Shah Jahan Biography
Padshah Shah Jahan I (January 5, 1592 - January 22, 1666) was the ruler of the Mughal Empire from 1627 until 1658.
Although a grandson of Akbar the Great who was a very tolerant ruler he was a firmly orthodox Muslim who initiated forty-eight military campaigns against non-Muslims in less than thirty years. Following the Ottoman practice, on coming to the throne in 1628 he killed all his male relations except one who escaped to Persia.
In Benares during his reign 76 Hindu temples were destroyed, as well as Christian churches at Agra and Lahore. At the end of the three month siege of the Portuguese enclave of Hugh, he had ten thousand inhabitants massacred and four thousand were later killed after refusing to convert to Islam.

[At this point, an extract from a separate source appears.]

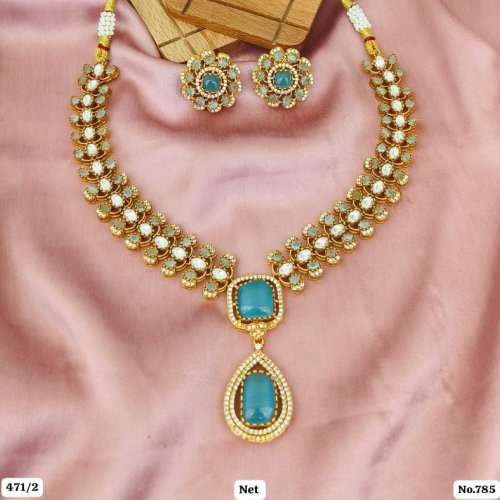 Kundan Choker Necklace Set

He commissioned the building of the Taj Mahal in Agra, for his first wife Empress Mumtaz Mahal (meaning 'the first lady of the palace'). Shah Jahan had 5,000 concubines and also conducted affairs with his daughters Chamani and Jahanara.

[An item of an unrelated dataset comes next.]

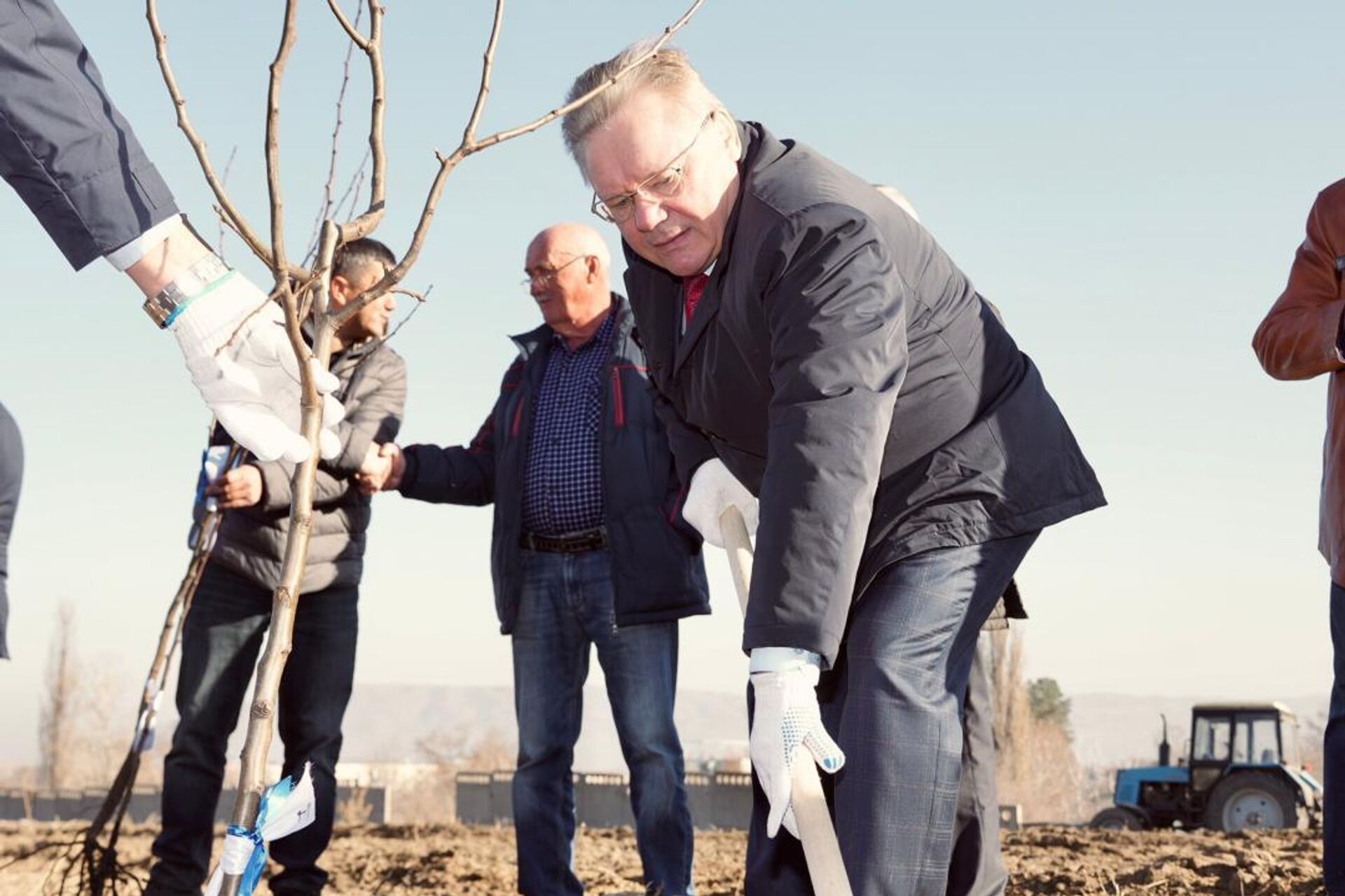 Казахстан и Россия реализуют совместный проект по развитию интенсивного садоводства - Sputnik Казахстан, 1920, 03.12.2025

But for the last five years of his life he was imprisoned by his son Aurangzeb in a room Agra Fort, tended only by his eldest daughter Jahanara Begum, with a direct view of the building. This was punishment for his endorsing Dara Shikoh, Aurangzeb's older brother in the fight for succession, but it was a better fate than he might have expected; most Mughal Emperors killed their fathers upon succession.